Figure 6.

Chemokines superinduce IFN-I production by enhancing clathrin-mediated DNA uptake in pDCs. (A–F) Purified pDCs were cultured with fluorescent CpG-AF488 (0.25 μM) with or without CXCL4 (10 μg/ml), and fluorescence was quantified by flow cytometry. Representative histogram (A) and mean fluorescence intensity (MFI; B) of CpG-AF488 uptake at 15 and 60 min are shown (n = 6). Representative histogram (C) and MFI (D) of CpG-AF488 uptake at 4°C and 37°C are shown (n = 5). (E–H) pDCs from HDs were cultured with medium only or either CpG-AF488 or nonfluorescent CpG, alone or with MβCD, CPZ, or Dyn. (E and F) Fluorescence was quantified by flow cytometry; representative histogram (E) and MFI (normalized to CpG-AF488 + CXCL4; F) are shown (n = 4–7). (G and H) Normalized gene expression level of IFN-α (G) and IL-6 (H) quantified by Q-PCR (n = 5).
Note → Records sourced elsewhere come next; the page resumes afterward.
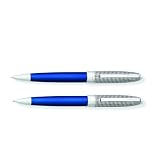 Cross Hamilton Ballpoint and Pencil Set, Chrome with Checkered Engraved Cap and Midnight Blue Lacquer Barrel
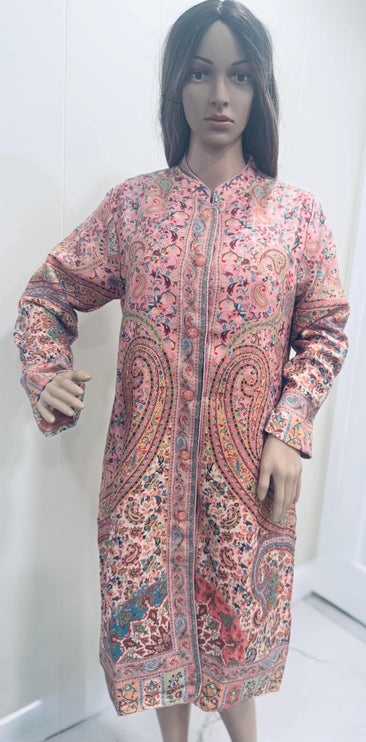 Luxury Kani/Jamawar  Woolen Jacket | woven Kashmir Artwear | Statement fashion wear | Kashmir Winter Dresses|short length| size L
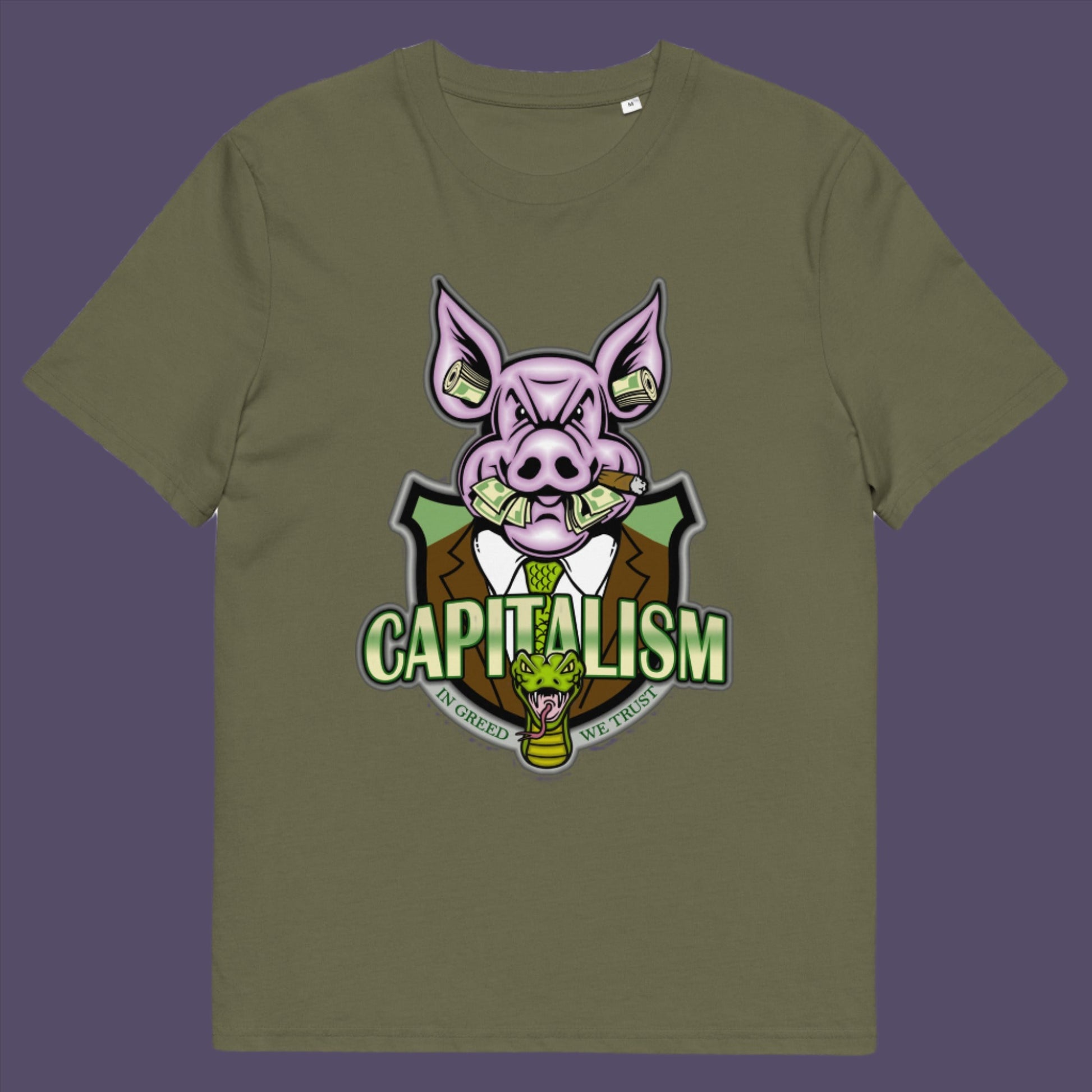 Khaki t-shirt. An anti-capitalism t-shirt depicting greed and money worship as our downfall. It's greed we worship now, not God. Made from 100% organic ring-spun cotton, this non conformist t shirt is unisex, high-quality, super comfy, and best of all, eco-friendly.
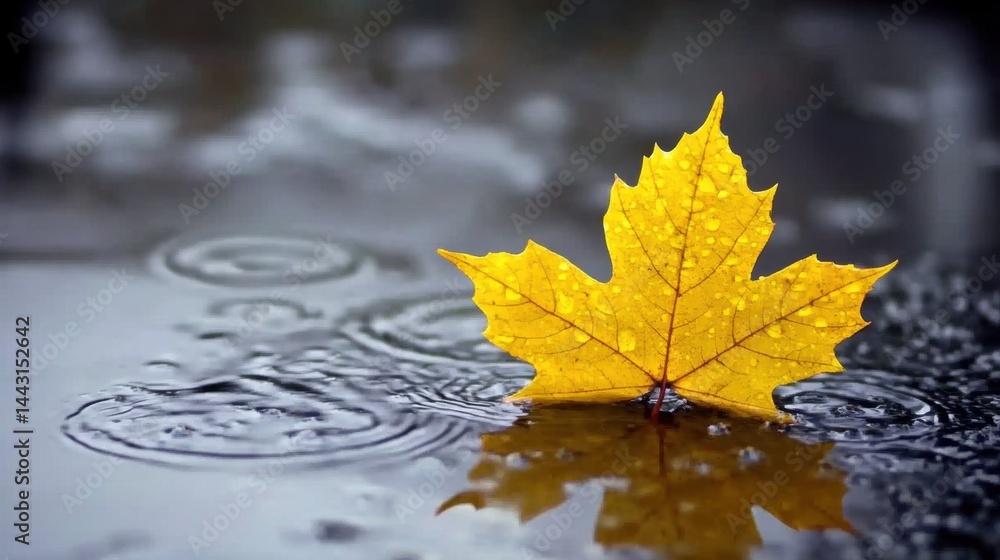 Aufkleber captivating yellow maple leaf resting on rippled water surface after rainfall creating serene autumn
Unstim, unstimulated. (I and J) pDCs from HDs (n = 4) were incubated with medium only or CpG, alone or with CPZ. Normalized gene expression level of IFN-α (I) and IL-6 (J) quantified by Q-PCR. All results are represented as means ± SEM. Statistical significance was evaluated using Mann–Whitney U test, and only comparisons that are significant are shown. *, P < 0.05; **, P < 0.01; ***, P < 0.001.